金価格は、EUR/USDなどでのドル安や原油高を背景に買いが優勢で、前週末比3.00ドル高の958..80ドルで取引を終えました。

為替相場は、6月3日の高値1.4339が大きなEUR/USDのレジスタンスとなっていましたが、予想を上回る米ISM製造業景況指数をきっかけに上に突破し、既にロンドンタイムに6月30日の高値1.6743近辺を上抜いていたGBP/USDや、その他AUD/USDやNZD/USDの上昇と合わせて、大幅上昇(ドル売り)となりました。

また、ニューヨークダウや米国債10年物利回りの上昇からドル/円も上げ、EUR/USDなど円以外の通貨の対ドルの上昇と相まって、クロス円が大きく上昇し、ドル安円安相場となりました。

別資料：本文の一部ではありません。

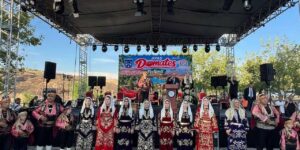 ayas-domates-festivali,-renkli-goruntulerle-basladi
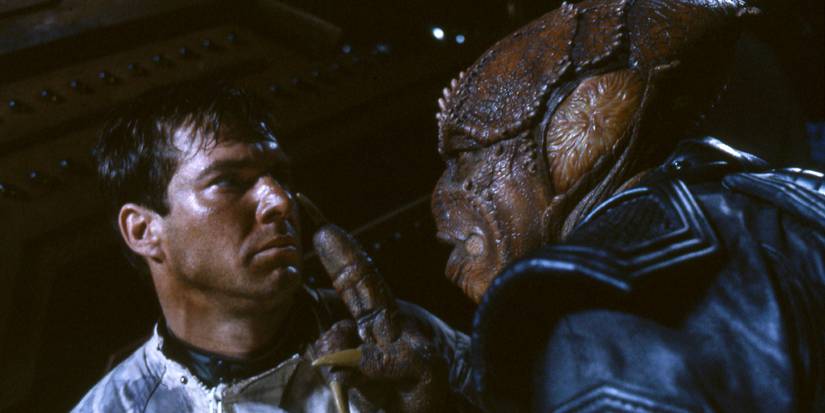 Dennis Quaid's Willis Davidge stared down by Louis Gossage Jr.'s Jeriba Shigan in Enemy Mine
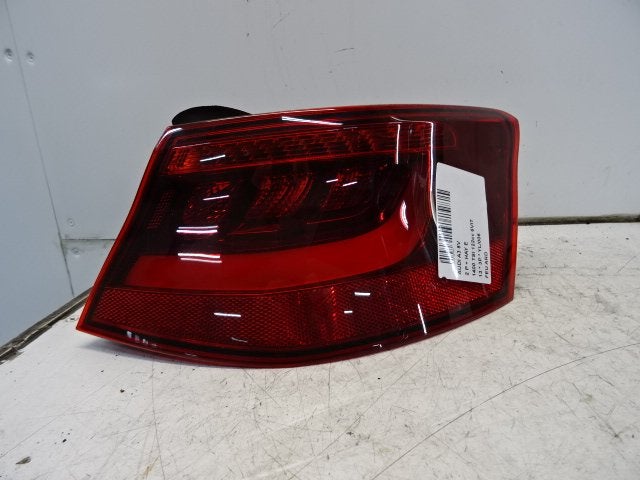 ACHTERLICHT RECHTS Audi A3 (8V1 / 8VK) (8V3945096A), Gebruikt, Mevr. I. Hauben, Audi, Rue de l'Espoir 34 34
4030  GRIVEGNÉE, BE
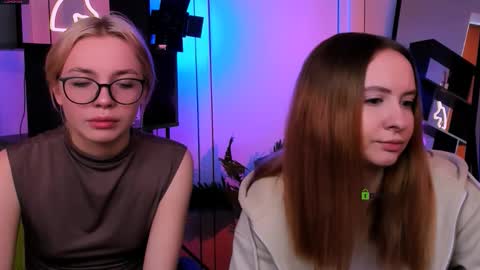 mila_glow online show from November 2025 12:09:02 PM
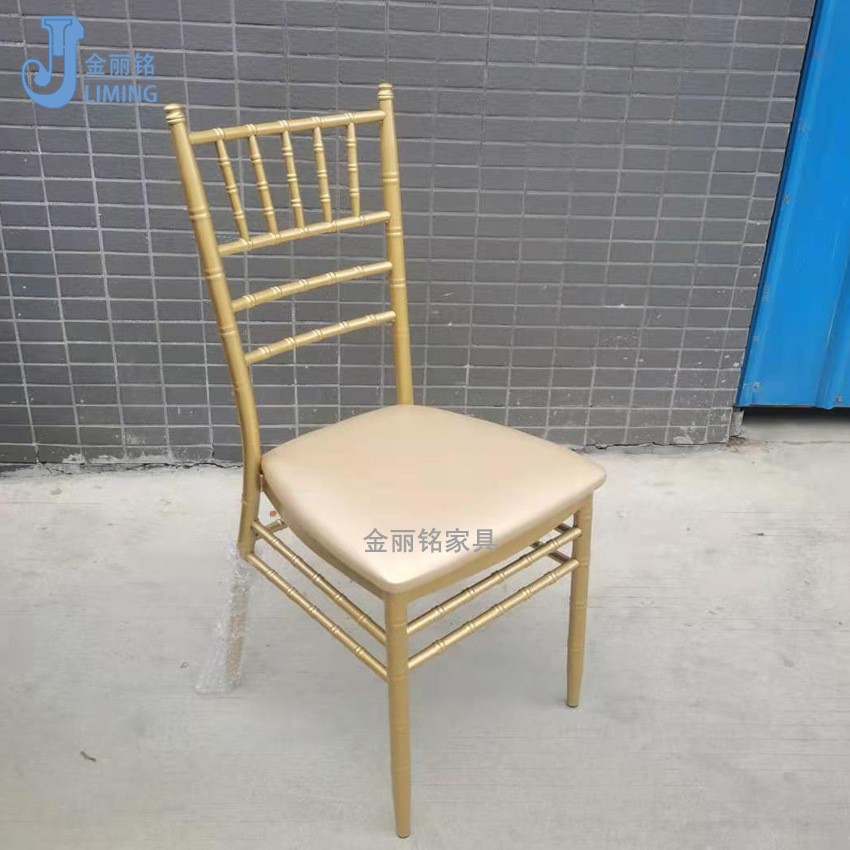 Fábrica al por mayor de metal comedor silla Hotel oro hierro banquete silla césped al aire libre bolsa suave boda Silla de Bambú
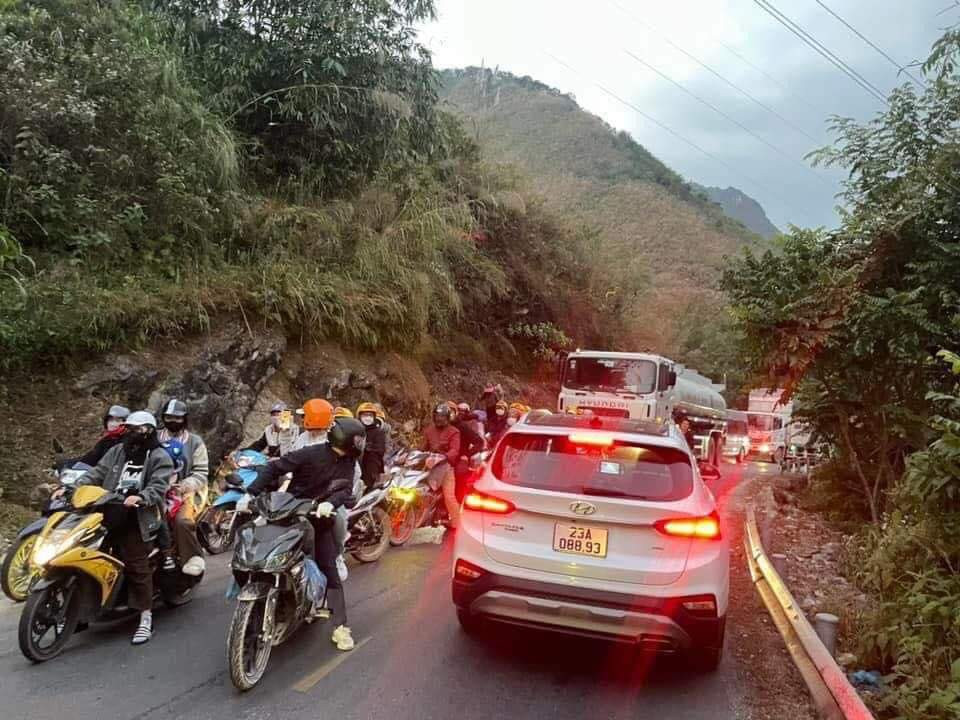 Nhiều du khách phải lên tiếng than thở vì tình trạng chen chúc trong việc di chuyển còn hơn cảnh tắc đường tại các thành phố lớn.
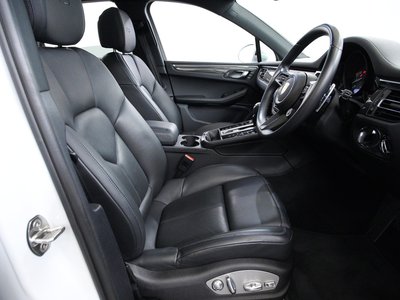 2023 Porsche MACAN thumbnail 13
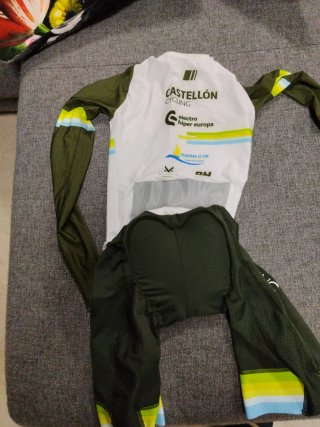 Mono GSPORT Talla XS Nuevo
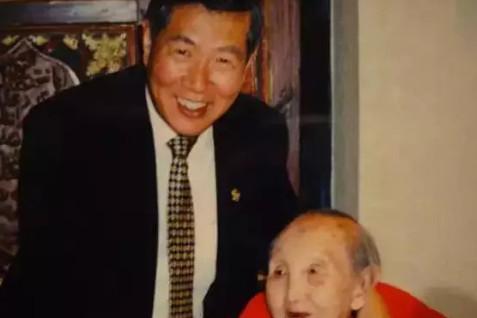 这位妈妈靠做保姆培养出13个博士子女，育儿经却只有15字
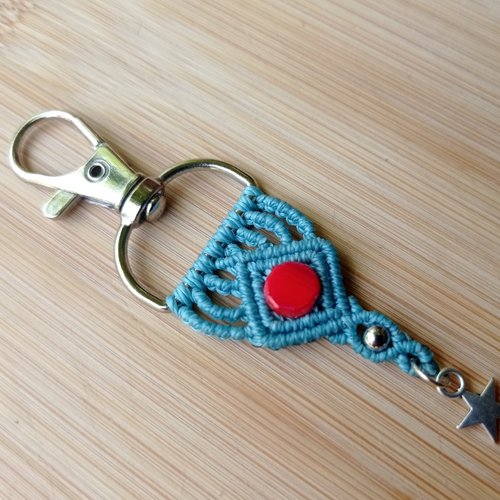 Porte clés ou bijou de sac "gloria", micro macramé, turquoise et rouge, métal argent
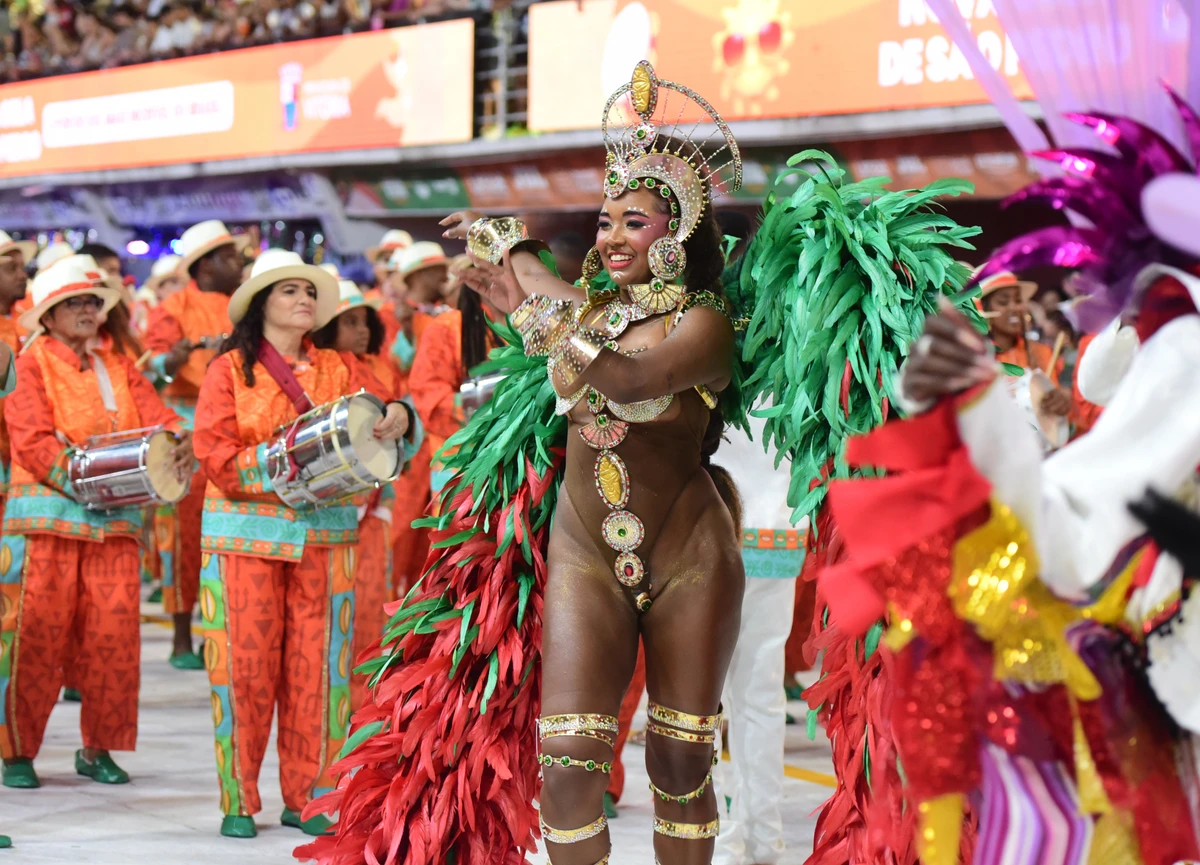 Confira o desfile da Escola de Samba Unidos DA Piedade no Carnaval 2026 por Carlos Alberto Silva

EUR/USDなどは大きな節目を抜けて、多少ポジション調整があるかもしれませんが、まだまだ上昇途中と思われます。

クロス円は、レジスタンスもまだあったり、抜けたばかりでやや揉み合う可能性はありますが、基本的には、上昇過程にはあると思われます。

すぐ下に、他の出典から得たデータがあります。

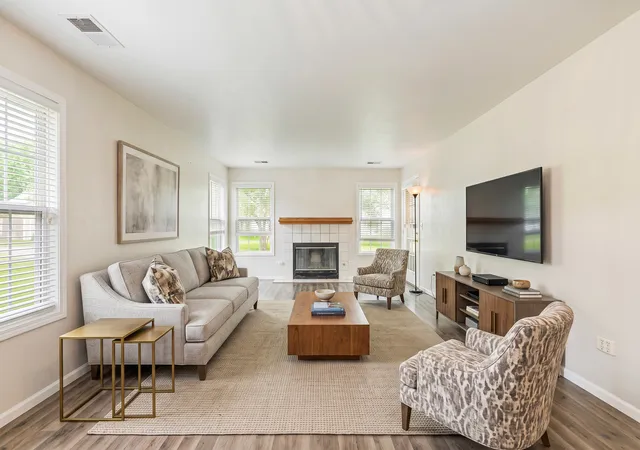Listing Photo 5 - Condo for sale in building located at 349 Sheffield Dr, Schaumburg, IL 60194 - Unit #349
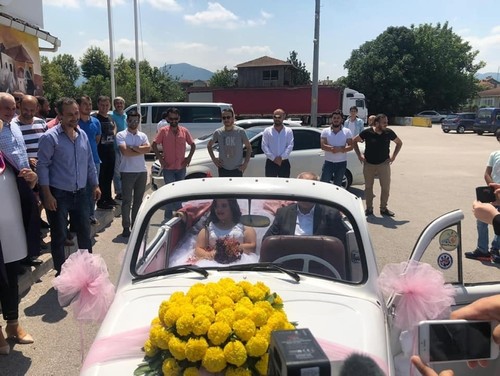 حفل زفاف رمزي لشابة تركية مصابة بمتلازمة داون (صور) 4 حفل زفاف رمزي لشابة تركية مصابة بمتلازمة داون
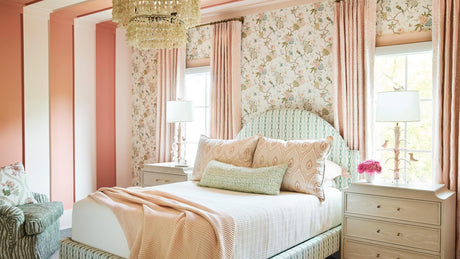 G P & J Baker ORIENTAL BIRD ANTIQUE Wallpaper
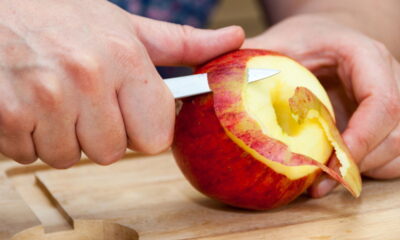 As cascas de maçã podem ser uma solução natural e eficaz para dar brilho aos pisos de madeira. Além de serem uma alternativa sustentável, aproveitam resíduos que normalmente seriam descartados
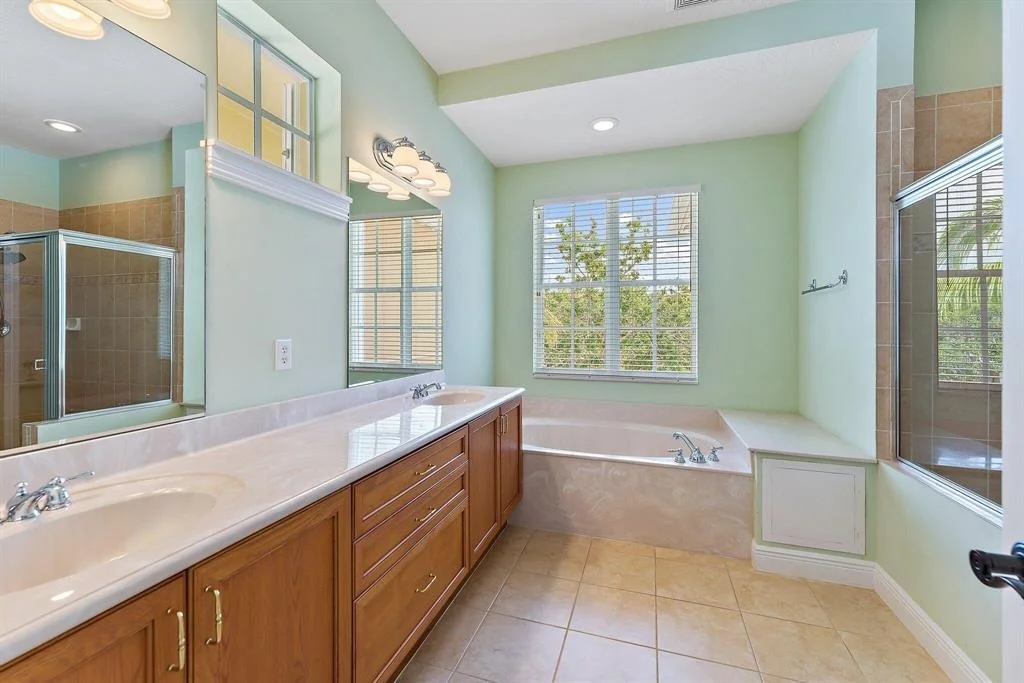 Photo of 231 W Bay Cedar Circle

ドル/円は、上げ下げを繰り返しつつ、ゆっくり上昇と見ています。

2009/08/02

GBP/USDに注目

EUR/USD、GBP/USDが上昇し、EUR/JPY、GBP/JPYも上げています。

今週は、こうした円以外の通貨の対ドルやクロス円で上値を試すことになるのではないかと見ています。

EUR/USDやクロス円は、レジスタンスが上に控えているのに対して、GBP/USDは6月30日の高値1.6743近辺ぐらいしかレジスタンスがないため攻めやすいように思われます。

これからの展開は

8月も、当面米景気回復期待の相場が続きそうです。

欧州通貨を中心にオセアニア通貨も含めた、これら通貨が対ドルで上昇(ドル安)するのではないかと見ています。

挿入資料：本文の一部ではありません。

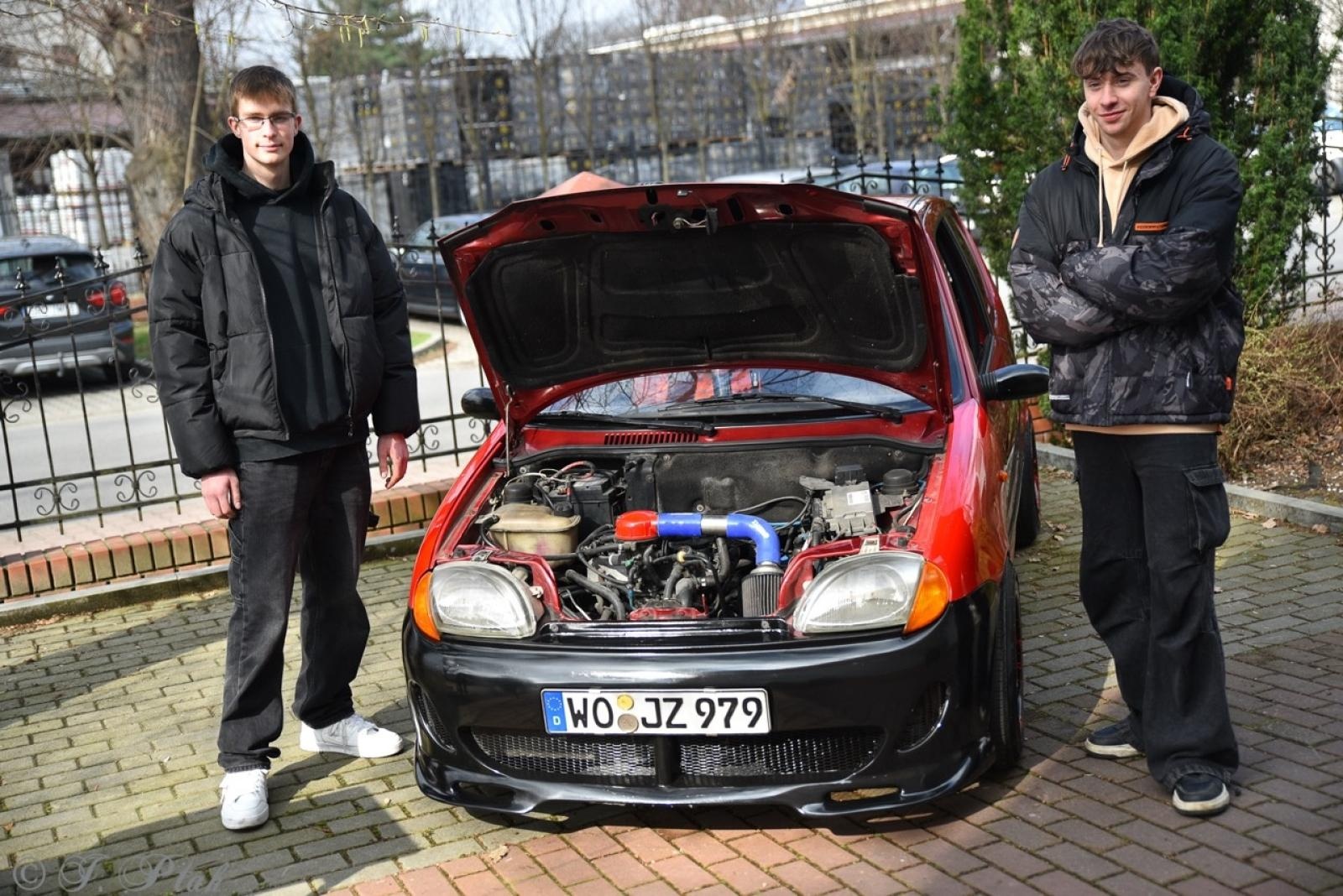 Zdjęcie w galerii na portalu naszraciborz.pl: Konkurs prac uczniowskich w Mechaniku – innowacyjne pomysły młodych techników wiadomości z regionu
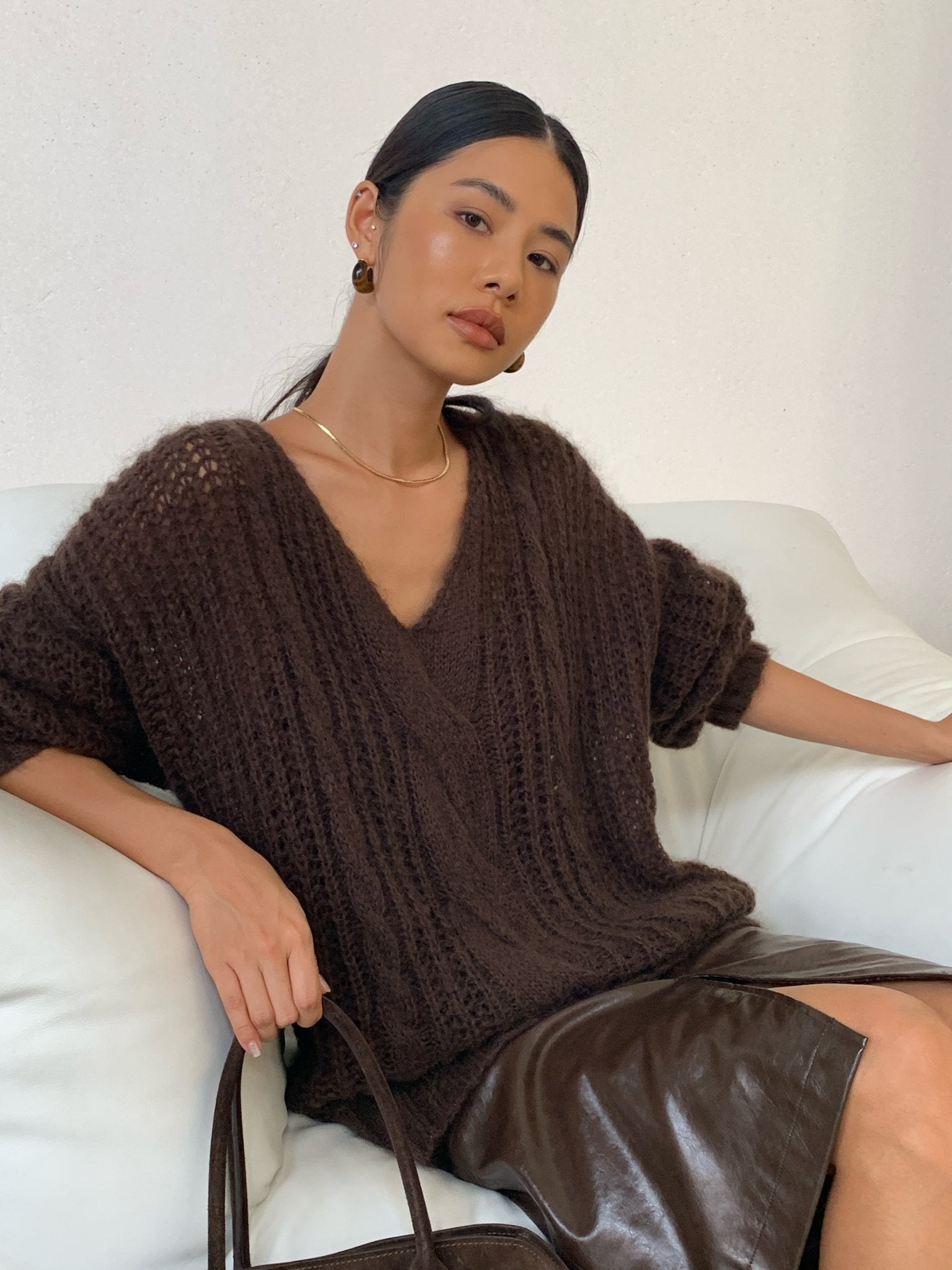Soft V - Neck Mohair Sweater - Nettarei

そのことは、ニューヨークダウや原油など他のプロダクツも上値を試そうとしているということに呼応していると言えます。

一方、ドル/円は、下値も堅いものの、8月初頭から半ば頃に掛けて、米国債の償還(米国からの元本返済)と利金(米国から支払われる利息)の円転(ドル売り円買い)が起きるという季節要因もあり、少なくとも月前半は、上値も重いものと思われ、結局、目先ドル/円は、膠着相場になる可能性があります。

その結果、EUR/USDなど円以外の通貨の対ドルとクロス円は上値を試し、ドル/円は概ね横這いではないかと考えています。

つまり、当面はドル安円安相場で展開するのではないかと見ています。

しかし、米景気回復の期待が、もし失望に変わった時には、大きなポジションの巻き戻しになるものと思われますので、相場の流れに乗るにしても、冷めた目を忘れて、マーケットの熱気に飲み込まれないようにすることが大切だと思います。

尚、クロス円は、レジスタンスもしっかりありますので、そうすんなりとは、上には行かないものと見ています。